**EXERCISE DESCRIPTION**
The stretch from the line with "Profile Picture of" through the line with "Casio MTP-V006D-7B2" in the records below: write it out exactly, and nothing else.

**DATA FOR ANALYSIS**
::::

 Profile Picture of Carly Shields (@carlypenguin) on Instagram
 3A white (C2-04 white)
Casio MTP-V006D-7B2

::::

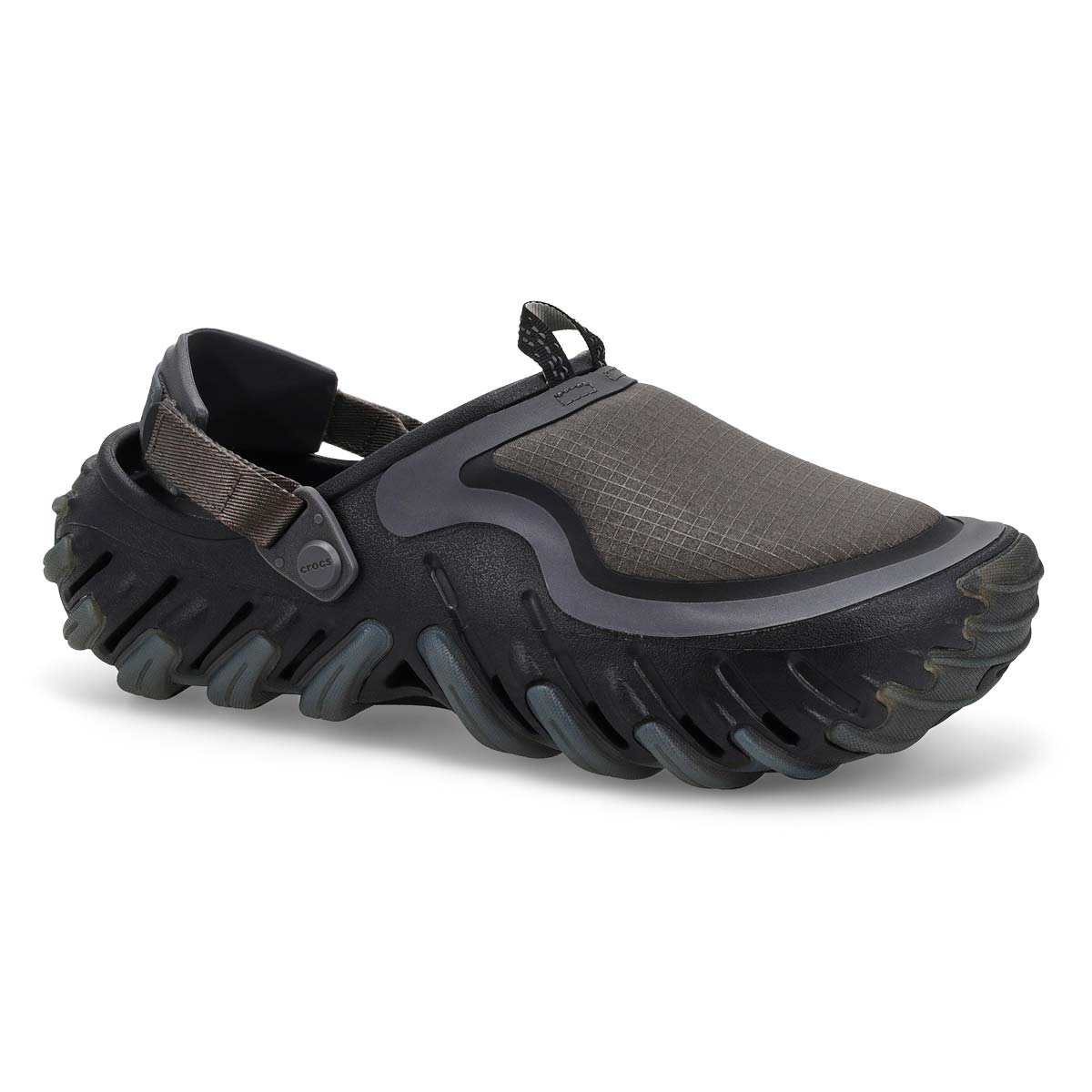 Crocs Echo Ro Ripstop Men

::::

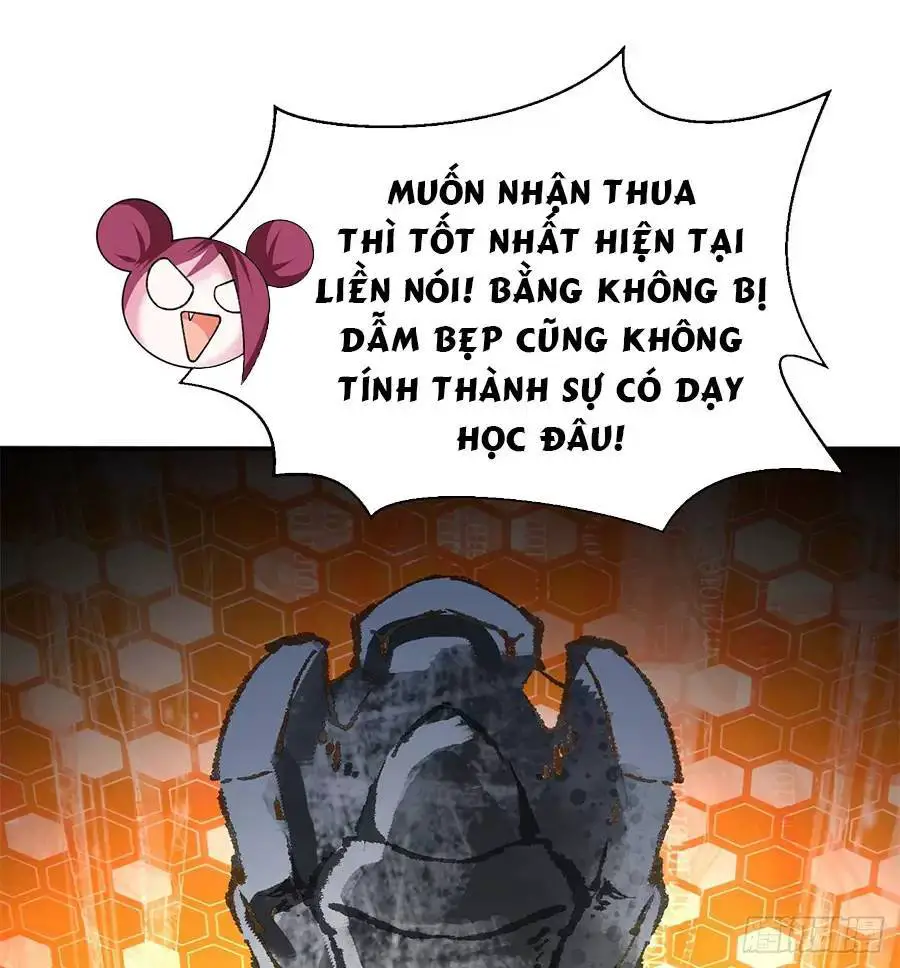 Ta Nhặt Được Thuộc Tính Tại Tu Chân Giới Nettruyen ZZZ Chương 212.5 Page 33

::::

**RESPONSE AREA**
 Profile Picture of Carly Shields (@carlypenguin) on Instagram
 3A white (C2-04 white)
Casio MTP-V006D-7B2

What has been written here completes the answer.